(Dataset excerpts)
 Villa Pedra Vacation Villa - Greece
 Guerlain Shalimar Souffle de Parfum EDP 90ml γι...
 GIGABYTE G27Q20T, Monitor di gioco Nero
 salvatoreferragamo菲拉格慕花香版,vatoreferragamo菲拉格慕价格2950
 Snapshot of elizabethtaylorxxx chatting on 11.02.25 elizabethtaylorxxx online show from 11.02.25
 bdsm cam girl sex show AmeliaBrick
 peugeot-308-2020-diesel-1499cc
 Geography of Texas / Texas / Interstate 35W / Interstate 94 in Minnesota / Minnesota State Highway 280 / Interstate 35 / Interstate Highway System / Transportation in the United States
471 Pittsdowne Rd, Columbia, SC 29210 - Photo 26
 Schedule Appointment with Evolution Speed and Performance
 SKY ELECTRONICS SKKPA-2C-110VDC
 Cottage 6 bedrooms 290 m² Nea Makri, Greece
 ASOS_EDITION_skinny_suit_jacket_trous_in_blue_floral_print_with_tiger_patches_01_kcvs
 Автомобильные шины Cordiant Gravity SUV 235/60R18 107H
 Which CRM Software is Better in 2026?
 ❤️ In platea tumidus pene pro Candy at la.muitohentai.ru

* * *

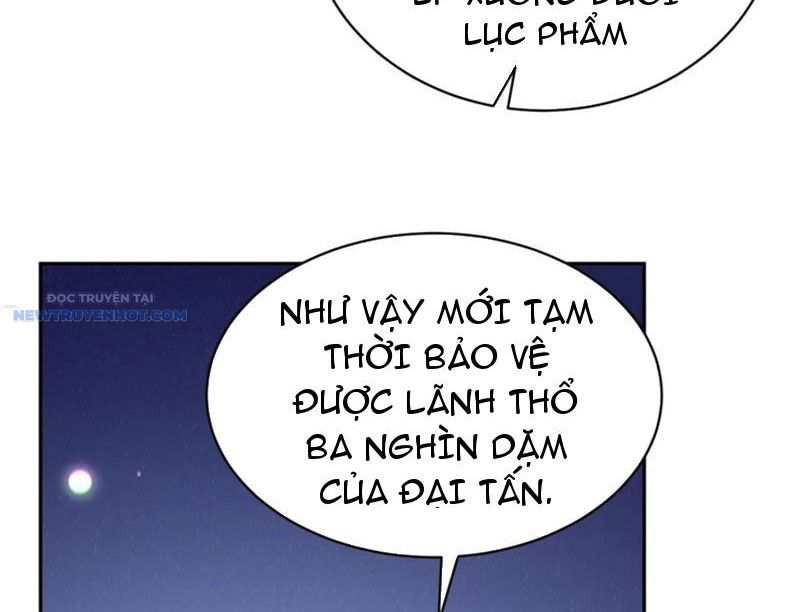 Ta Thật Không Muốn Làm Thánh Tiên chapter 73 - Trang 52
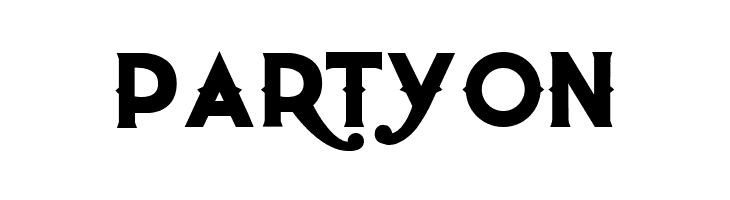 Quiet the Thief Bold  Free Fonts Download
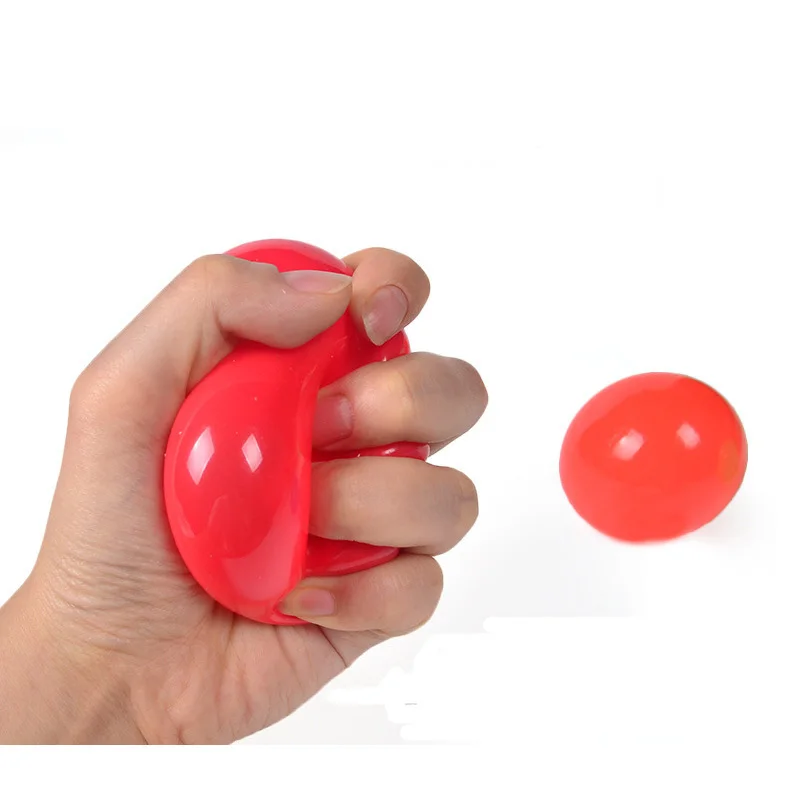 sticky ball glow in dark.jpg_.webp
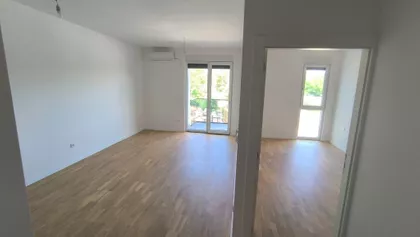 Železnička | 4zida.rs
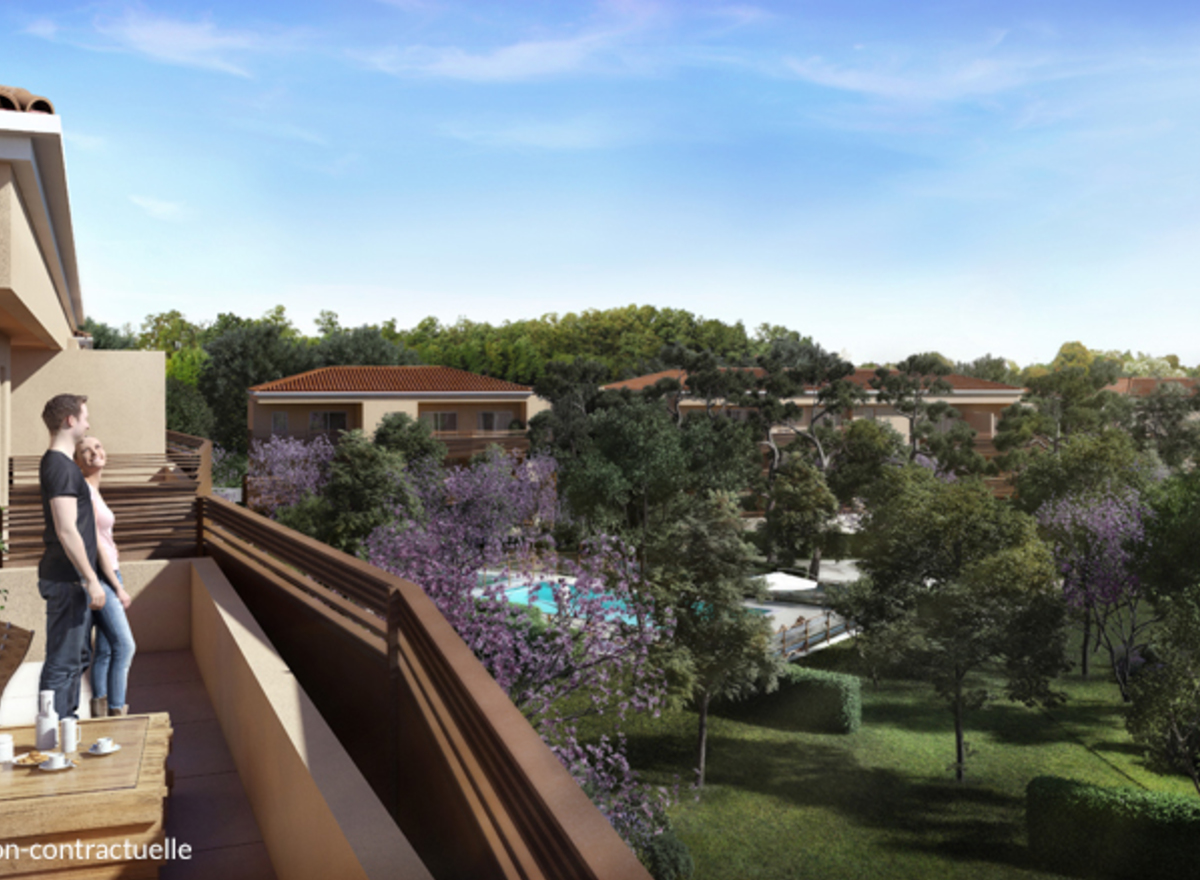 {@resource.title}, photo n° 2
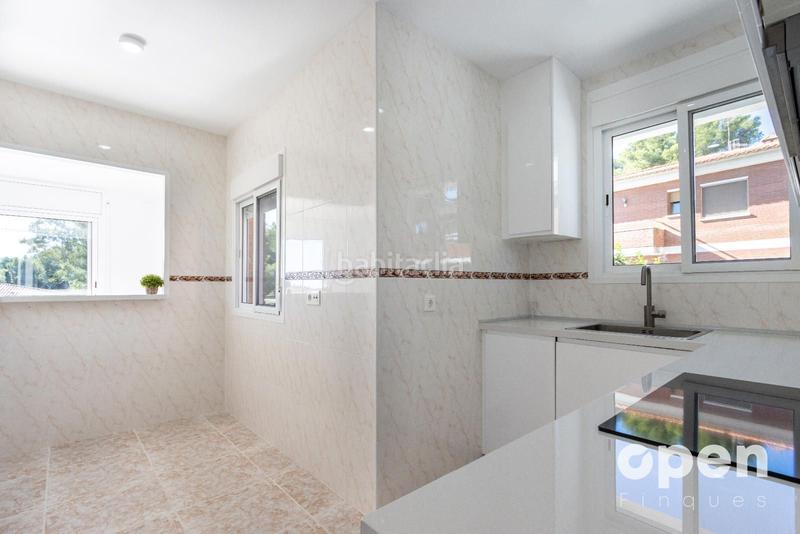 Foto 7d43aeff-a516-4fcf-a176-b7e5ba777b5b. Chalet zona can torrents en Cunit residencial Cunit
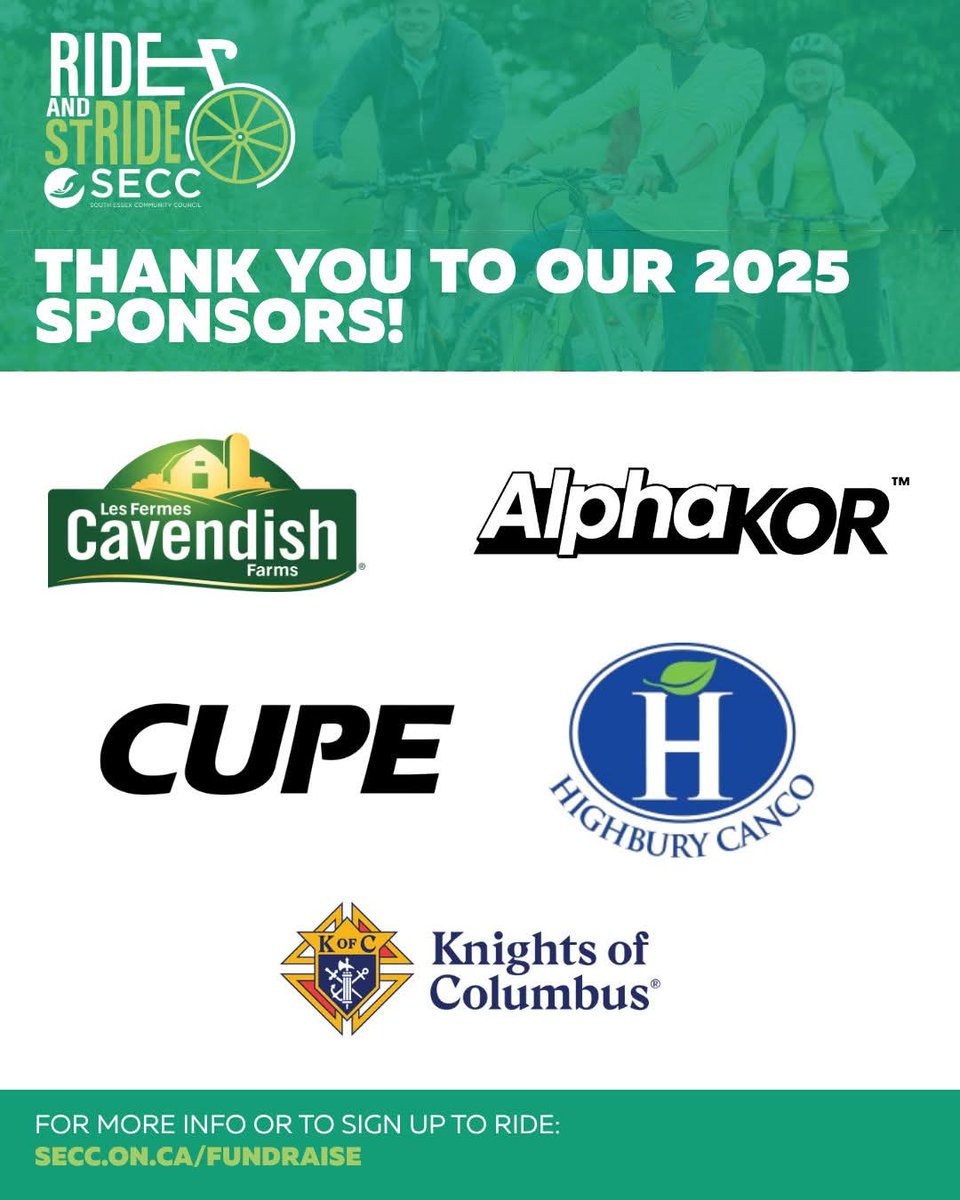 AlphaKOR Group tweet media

(Problem to work on) Please give the number of lines in the entries that contain the word "Greece", and nothing besides it.

(Solution for this exercise) 2